Data provided:
* * * *

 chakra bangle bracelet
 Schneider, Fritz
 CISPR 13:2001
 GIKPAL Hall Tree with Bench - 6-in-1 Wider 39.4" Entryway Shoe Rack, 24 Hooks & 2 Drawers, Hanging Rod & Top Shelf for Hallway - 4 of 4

* * * *

Activity:
Please reproduce every line of the material word for word.

Answer box:
 chakra bangle bracelet
 Schneider, Fritz
 CISPR 13:2001
 GIKPAL Hall Tree with Bench - 6-in-1 Wider 39.4" Entryway Shoe Rack, 24 Hooks & 2 Drawers, Hanging Rod & Top Shelf for Hallway - 4 of 4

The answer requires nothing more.